2005年も終わりに近づき,そろそろ家庭やオフィスで大掃除をした人は多いだろう。もしかすると,自分のパソコンを掃除した人もいるかもしれない。では,ネットワークに関してはどうだろうか。

 「ネットワークの掃除? ケーブルを抜いてほこりでも取るの?」と思うかもしれないが,そういう話ではない。現在のネットワークの構成について,きちんと図面にして管理しているか,いわば棚卸しといえる作業を,この機会に実行してみてはいかかでしょうか,というものだ。

実情と徐々にかけ離れるネットワーク図

 日経NETWORKでは,2006年1月号で「日経NETWORK流,わかるネットワーク図の書き方」という特集記事を掲載した。この記事のために取材していて驚いたのは「正しいネットワーク図を持っているユーザーはほとんどいない」ということだ。取材をしたベンダーやインテグレータの多くは「納品の際にユーザーに渡したネットワーク図は,ほとんどメンテナンスされていない」と口を揃える。

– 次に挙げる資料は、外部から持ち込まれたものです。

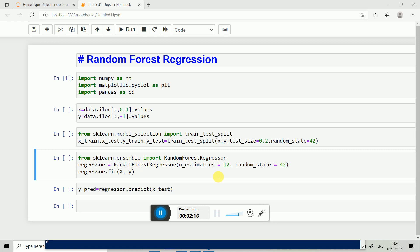After importing Random Forest Regression, we call the RandomForestRegressor class with random_state=42 and n_estimators=12. We fit the curve on x and y and we get the value y predict. After we call regressor.predict, we check the y predict and y test and calculate the accuracy of the model.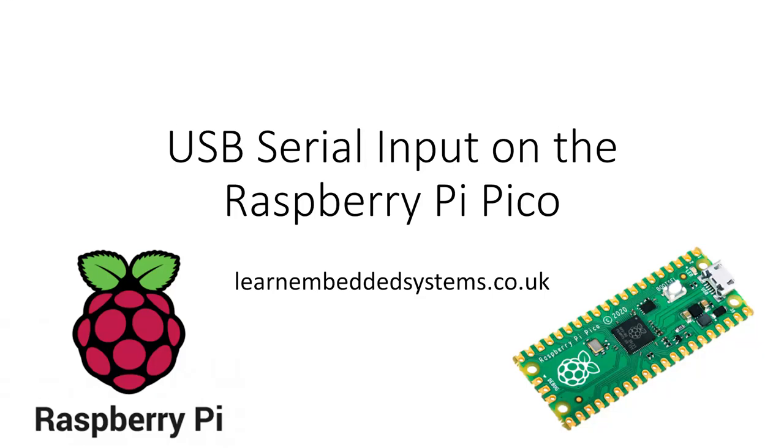This short tutorial will show you how to use the USB serial connection to send data from a terminal on your PC to your Raspberry Pi Pico.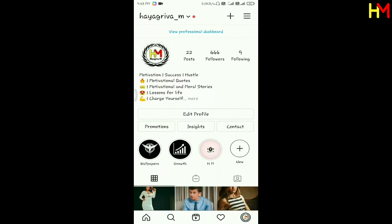In this video, I will show you the post, IGTV, and stories.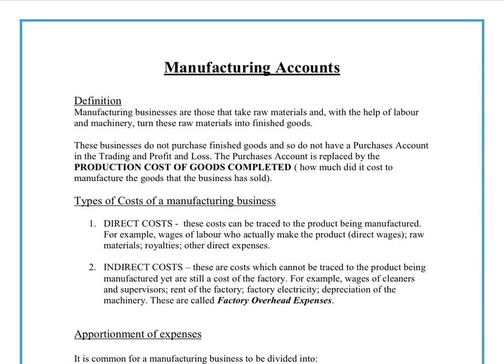Hello, my name is Dean El-Hoss and today we are going to look at manufacturing accounts. It's quite a large topic, so the video may be slightly long — feel free to break it up into chunks and watch at different starting points.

 改めて考えてみれば,ネットワーク図がメンテナンスされないことが多いのも確かにうなずける。ネットワーク図は日常的に必要になるものではないからだ。ネットワーク図が必要になるのは,導入・構築の際を除けば,もっぱらトラブルの発生時。ネットワークが問題なく動いているときは,ネットワーク図を見直すことはほとんどないだろう。

 トラブルが発生してはじめてネットワーク図を確認し,「知らないマシンがつながっていた」「勝手に設定が変更されていた」「いつの間にか故障していた」といった,実際のネットワーク構成とネットワーク図が食い違っていることがわかったりする。また,トラブルを解決することに手一杯で,その間にいろいろと変更した設定をネットワーク図に反映させることを忘れたり,そもそも変更した内容がわからなくなったりすることもあるだろう。

 だからといって,そのまま放っておいては問題が深刻化するだけである。現在のネットワークを反映させた正しいネットワーク図がないと,トラブル時に原因がわからなくなったり,拡張する際に予想外の不具合が発生したりする。ぜひ,きりのよい年末年始にネットワーク図のアップデートや,場合によってはネットワーク図の新規作成にトライすることをお勧めしたい。

作図経験者は意外と多い

 ネットワーク図を書いたことのある人は,意外と多いようだ。今回の記事に合わせて「ネットワーク図に関するアンケート」をIT Proで実施したところ,「ネットワーク図を書いたことはあるものの,バランスよく書くのが難しい」と感じているユーザーが多いという姿が浮かび上がった。

 アンケートを実施したのは,2005年11月16~25日までの10日間。この間に寄せられた806件の回答のうち,「ネットワーク構成図を書いたことがありますか?」という質問に「いいえ」と答えたのは156件のみ(19.4%)。それ以外の80%以上の人が「書いたことがある」と答えており,実はかなりの割合の人がネットワーク図を書いたことがあるようだ。

 ただし,書いてはみたものの,その出来には必ずしも満足していない。「書いていて困ったこと,悩んだことは何ですか」という質問には,書いたことのある人の51.8%と半分以上が「見た目のバランスが悪くなってしまう」と答えている。続いて,「情報を詰め込みすぎてわかりづらくなった」という人が39.2%,逆に「情報が足りないのではないか心配だ」という人が37.5%と,内容についてもバランスよく書けずに悩んでいる人が多い。

見栄えよりも正確さときめ細かさが大事

 これらの悩みはどうやって解決すればよいのだろうか。実は,これらは経験を積んでも解決しない。「51枚以上書いたことがある」と答えた人に絞りこんで結果を考察してみたが,「見た目のバランスが悪くなってしまう」と答えた人が48.1%,「情報を詰め込みすぎてわかりづらくなった」と答えた人が44.3%,「情報が足りないのではないか心配だ」と答えた人が37.7%となった。書きなれている経験者でもほぼ悩みを持っているという結果になったからだ。

 逆に読む場合のことを考えてみよう。「読んで気になる点はなんですか」という質問に対しては,「ごちゃごちゃして読みづらい」と答えたのが30.3%。3割は決して少なくないが,それよりも「物理的な接続状態がわからない」(52.4%),「機器の設定がわからない」(48.6%),「機器の種類がわからない」(37.5%),「回線の速度がわからない」(33.7%)といった,むしろ情報が足りないという意見の方が圧倒的だった。

 書くときには見栄えをついつい気にしてしまうものの,読むときには実は見やすさよりも肝心の情報が載っていないことが最大の問題となっているといえる。見栄えよりも情報の抜けがないことを心がけて,2006年はネットワークの状態を正しく反映させたネットワーク図を管理しよう。